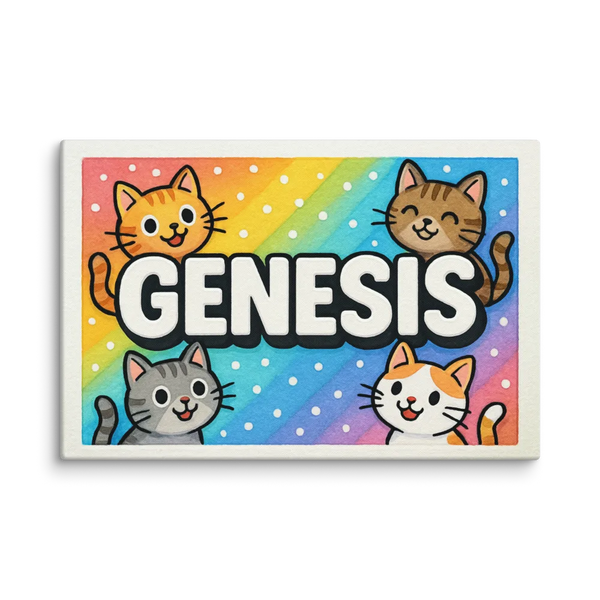 Genesis Name Art - Colorful Cats Personalized Wall Art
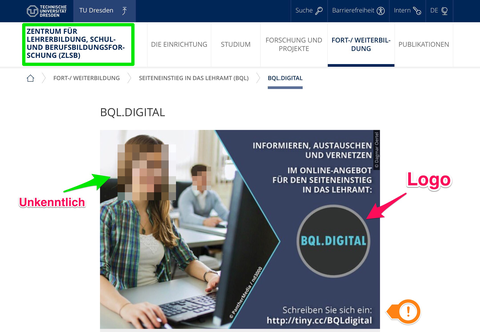 Das Bild zeigt einen Ausschnitt der BQL.Digital Webseite. Mithilfe von Skitch wurden Annotationen vorgenommen: der Text "ZENTRUM FÜR LEHRERBILDUNG, SCHUL- UND BERUFSBILDUNGS­FORSCHUNG (ZLSB)" oben links ist grün umrandet, in einem Bild eingefügten Bild.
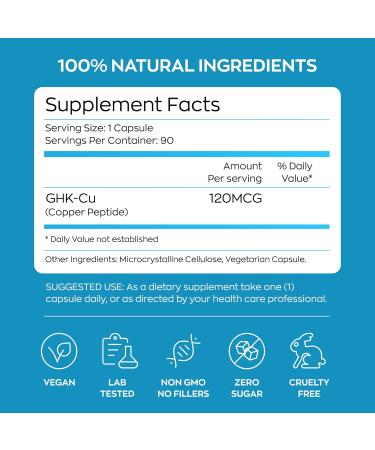 SYNTHEX LABS GHK-Cu Copper Peptide Supplement 120 mcg for Skin & Hair | Anti-Aging & Improves Skin Elasticity | Maximum Absorption | 3 Month Supply - Buy Online on GoSupps.com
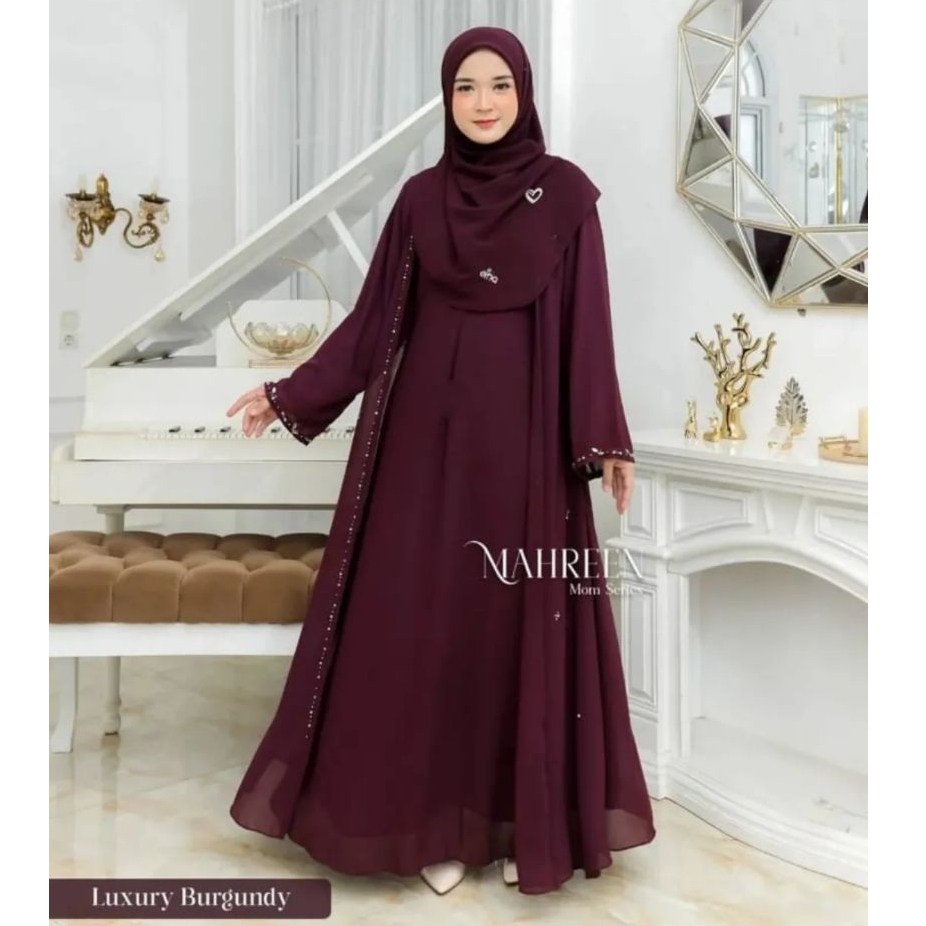 Mahreen Gamis Abaya Turkey Hitam Terbaru 2026 Dress Wanita Remaja Dewasa Viral Kekinian Bahan Ceruti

■ Description of the task:
Please copy the data above character for character, skipping any pictures.

■ Response:
 Genesis Name Art - Colorful Cats Personalized Wall Art
 Das Bild zeigt einen Ausschnitt der BQL.Digital Webseite. Mithilfe von Skitch wurden Annotationen vorgenommen: der Text "ZENTRUM FÜR LEHRERBILDUNG, SCHUL- UND BERUFSBILDUNGS­FORSCHUNG (ZLSB)" oben links ist grün umrandet, in einem Bild eingefügten Bild.
 SYNTHEX LABS GHK-Cu Copper Peptide Supplement 120 mcg for Skin & Hair | Anti-Aging & Improves Skin Elasticity | Maximum Absorption | 3 Month Supply - Buy Online on GoSupps.com
 Mahreen Gamis Abaya Turkey Hitam Terbaru 2026 Dress Wanita Remaja Dewasa Viral Kekinian Bahan Ceruti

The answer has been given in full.